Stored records
····················

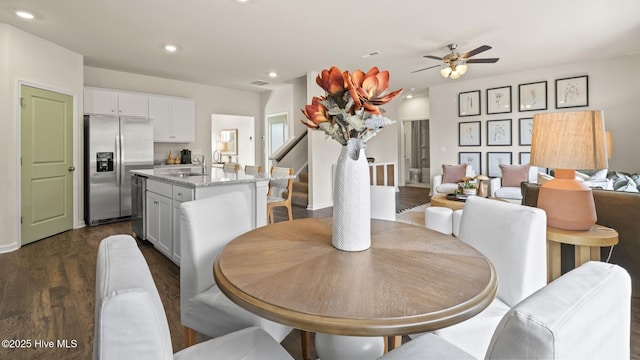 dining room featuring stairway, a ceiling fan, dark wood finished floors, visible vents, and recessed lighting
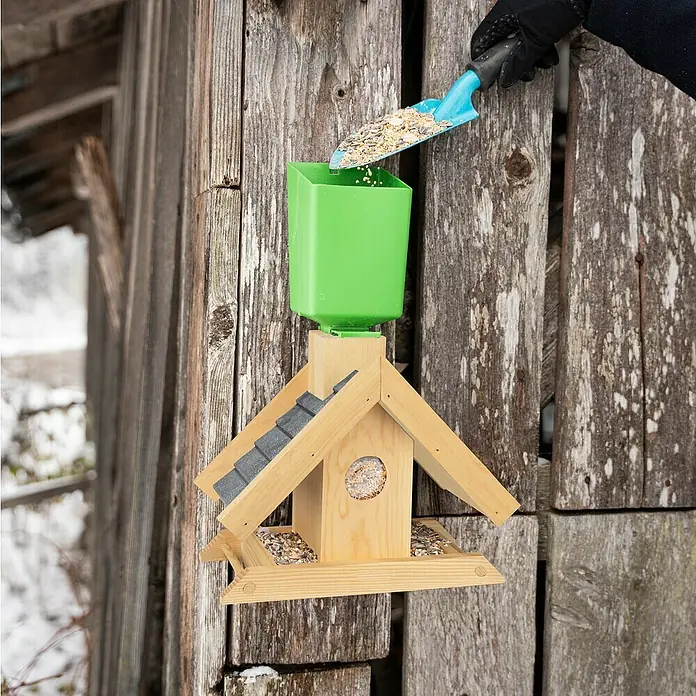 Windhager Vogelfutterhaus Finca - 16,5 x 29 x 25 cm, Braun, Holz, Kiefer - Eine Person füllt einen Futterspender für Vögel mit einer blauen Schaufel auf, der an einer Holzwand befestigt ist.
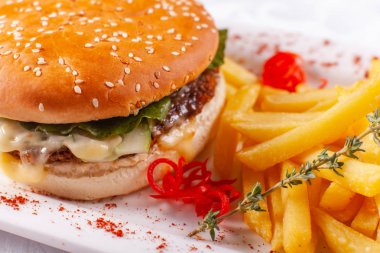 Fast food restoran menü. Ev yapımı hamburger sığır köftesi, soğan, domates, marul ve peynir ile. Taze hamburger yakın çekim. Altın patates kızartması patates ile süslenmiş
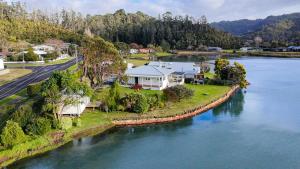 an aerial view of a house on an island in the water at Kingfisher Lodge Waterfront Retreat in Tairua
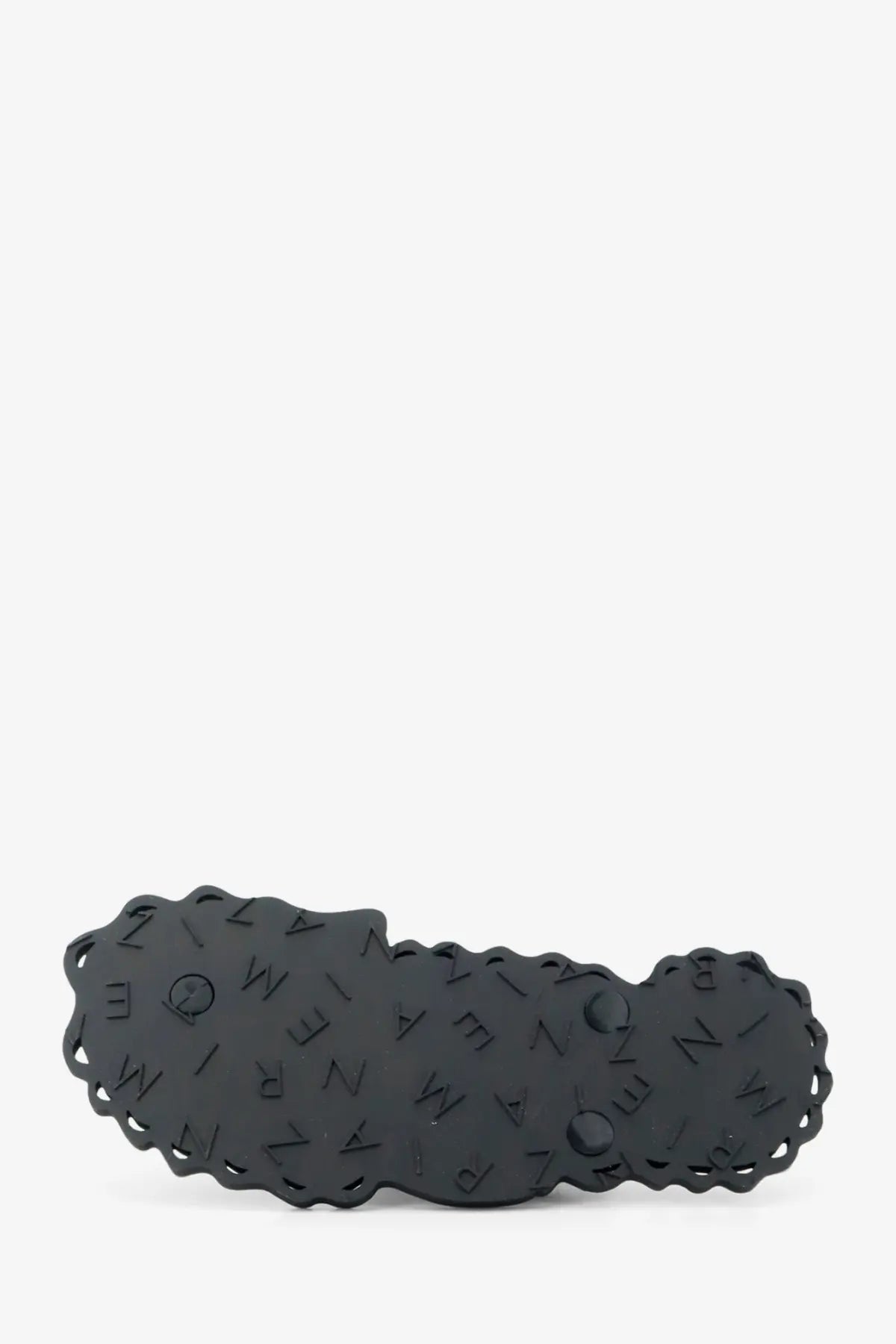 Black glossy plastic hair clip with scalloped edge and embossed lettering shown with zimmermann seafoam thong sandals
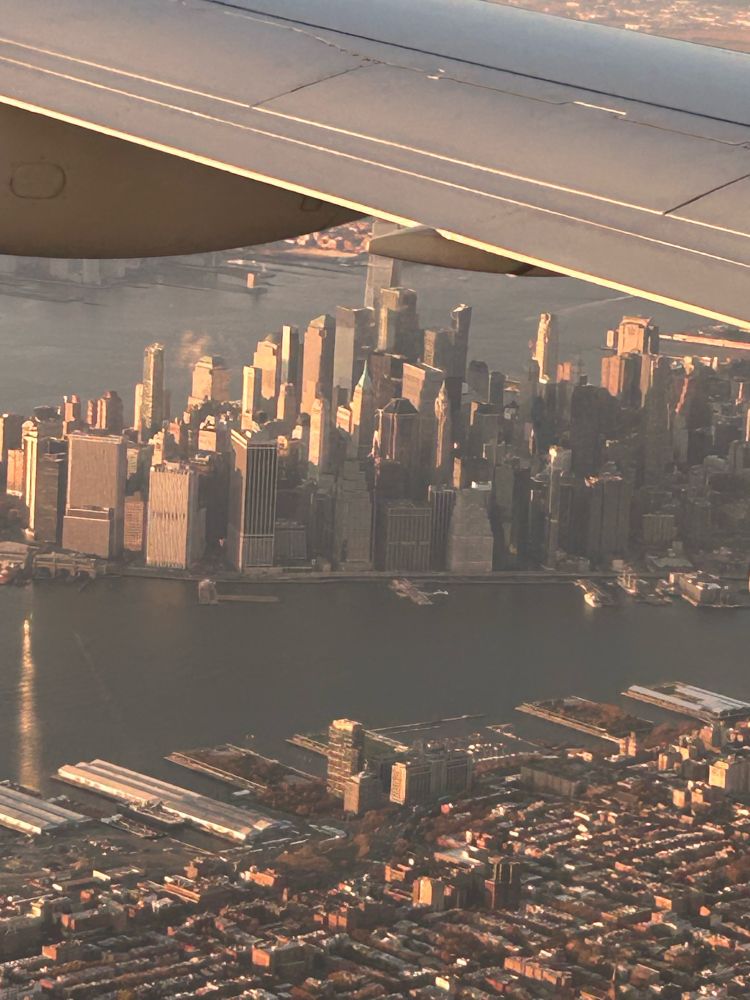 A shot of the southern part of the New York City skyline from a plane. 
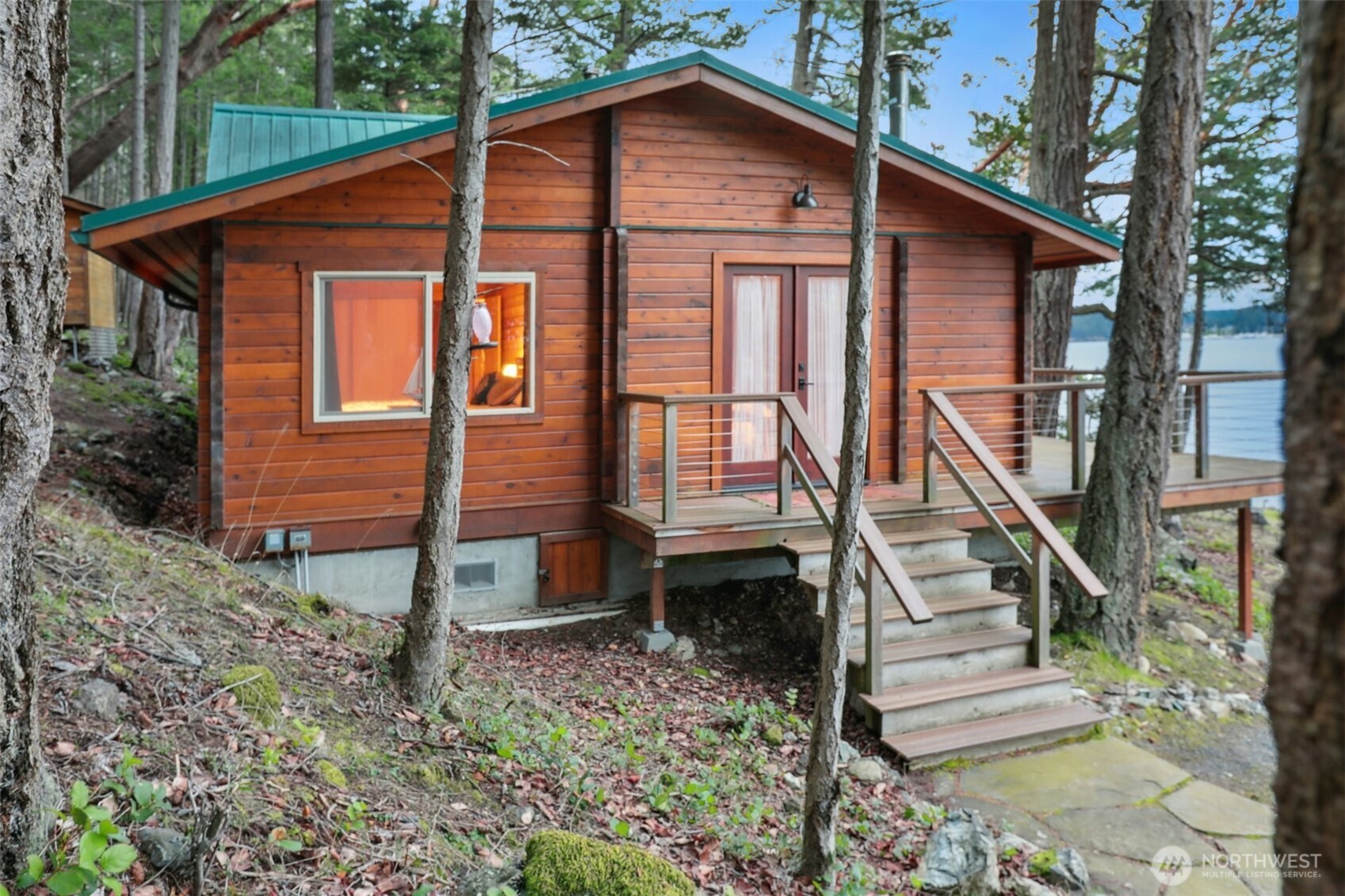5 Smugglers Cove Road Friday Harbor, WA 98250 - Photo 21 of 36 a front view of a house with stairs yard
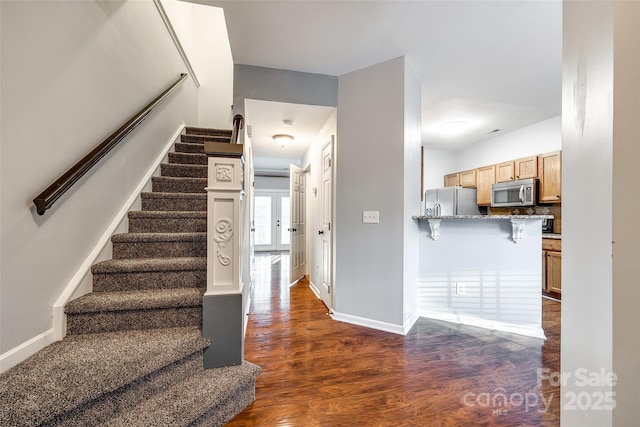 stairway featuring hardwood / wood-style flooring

····················

*What you should do:*
Nothing but the lines from the line containing "Black glossy plastic" through the end of the records belongs in the answer, written out exactly, both ends included, without pictures.

*Answer below:*
 Black glossy plastic hair clip with scalloped edge and embossed lettering shown with zimmermann seafoam thong sandals
 A shot of the southern part of the New York City skyline from a plane. 
5 Smugglers Cove Road Friday Harbor, WA 98250 - Photo 21 of 36 a front view of a house with stairs yard
 stairway featuring hardwood / wood-style flooring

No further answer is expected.